古代的「魂」とは,自ら動くことによって他を動かし,他を動かすことによって自らも動くことができるもの,の謂いであり,「動・物」つまり自ら動くものに宿る,その原動力(デュミナス>dynamics,動力学的原因としての自由エネルギー)をもつもの,の謂いです.わたしは,古代において自然の事物に宿る「魂」といわれたものの存在とは,自由エネルギー(=情報)の「流れ」によって駆動される動力学的ハイパーサイクル・システムの普遍的存在である,という仮説を立ててここまでやってきてようやく,ミクロコスモスからマクロコスモスにいたるまでの進化の原因をそこに探り当て,また全自然の運動および進化の原理として解明できたように思います.
残る問題は,人間および人間を要素とする社会現象にまで,それが適用できるだろうか,ということでした.それで,エンゲルス『家族・私有財産・国家の起源』を読み始めて,抜き書きと注釈を作り,それがようやく最後の段階にきました.ヒト社会もまた,人びとの活動の一部である労働と,労働にとっての「魂」ともいうべき技術,つまり「産業システム」とその本質である「技術システム」が,営々と造り上げてきた一つのイキモノであり,イノチとココロすなわち「魂」をもつもの,いわゆるオルガノン(有機体)でありました.

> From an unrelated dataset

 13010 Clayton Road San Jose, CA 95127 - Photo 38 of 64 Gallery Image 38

ヒト社会システムの進化が自然学を発生させた わたしが今「行っている」ことって,結局は,自然の,ミクロコスモスからマクロコスモスにいたるまでの全階層における,全存在の進化論,に行き着きそうです.歴史のギリシア原語は,ヒストリアですが,それは人びとが物語ることからの,情報information(カタチを作り出すもの,モノを形作る原因)の探究,という意味があります.「歴史の父」といわれたヘロドドスは,ギリシアの全ポリスとペルシア帝国との戦争,当時のいわば世界大戦であったペルシア戦争の,その原因から結果にいたる全過程を,人びとの証言によって描き出し,ヒト社会システムとしてのポリス-当時の社会システムの単位はポリスでした- に内在し,ポリスを構成し,それを運動させ,変化させ,また衰退させもする,ポリスの存在の進化の原動力が「何であるか」を解明しようとしたのでした.

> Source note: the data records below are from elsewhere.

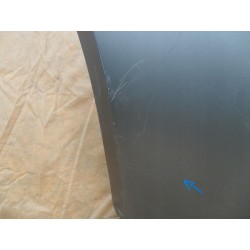 ZDERZAK PRZÓD PRZEDNI ORYGINAŁ 50541741 ALFA ROMEO GIULIETTA VELOCE LIFT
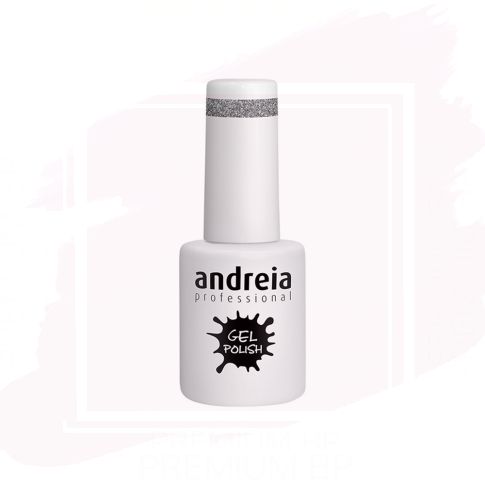 Andreia Professional Gel Polish Esmalte Semipermanente 277 10,5 ml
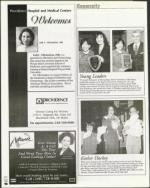 image of November 12, 1999 - number 42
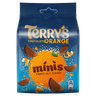 Terry's Chocolate Orange Minis 95g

ヒトの文明は,これで3つの産業革命を経験してきました.1つめが,狩猟・採集が牧畜・栽培に変化する「農耕革命」です.2つめが,エンゲルスがそれを名づけたことで有名になった「産業革命」であり,それは(商)工業の革命でした.3つめが20世紀の後半にやってきた,「情報革命」でしょう.

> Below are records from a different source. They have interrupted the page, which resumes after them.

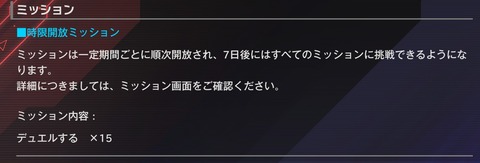 1000162802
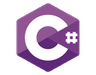 Csharp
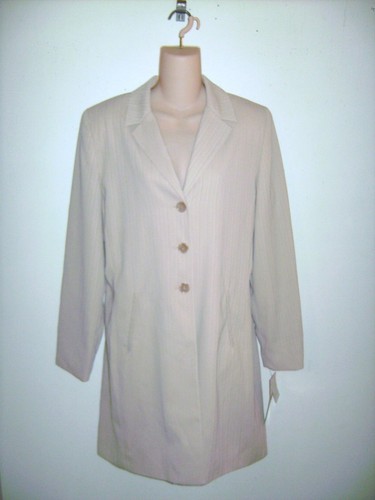 Pret porter taupe - porter,
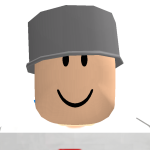 @Iamnotarobot4321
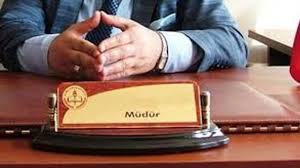 نائب المدير يختفي من المدارس التركية ضمن تعديلات جديدة على التعليم الثانوي نائب المدير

これらは,社会システムの革命でもありました.まず農業革命は,定住生活を基本としていましたから,大家族連合としての氏族社会を発生させ,その氏族が連合して胞族となり,さらに胞族は連合して部族を構成し,さらにその部族が連合してポリスを成立させました.社会システムとしてのポリス的社会の誕生であって,このポリス的社会システムの成立が,ギリシア古代における自然学の発生をうながしたのでした.
これらの諸革命は,ヒトがヒトにとっての価値物を「再」生産する「産業システム」の革命でもあったのでした.「産業システム」は当然,多くの人びとがそれに参加することによってはじめて成立しています.そして,この産業システムを動かす原動力となるものが,それを構成する人びとが行う「労働」であり,ヒトの労働を成立させるものが,その人がもつ「技術」です.
「産業システム」の本質とは,ヒトの諸活動とりわけ価値「再」生産的な労働であり,その労働を成立させるのがその人がもつ技術です.人びとの諸労働が協働態 –動力学的ハイパーサイクル・システム的存在- となることによってそこに「産業システム」が成立し,人びとがもつ諸技術はそれが協働態となることによって「技術システム」に<なる>ことができます.「産業システム」の原動力となるその「魂」が「技術システム」である,その所以であります.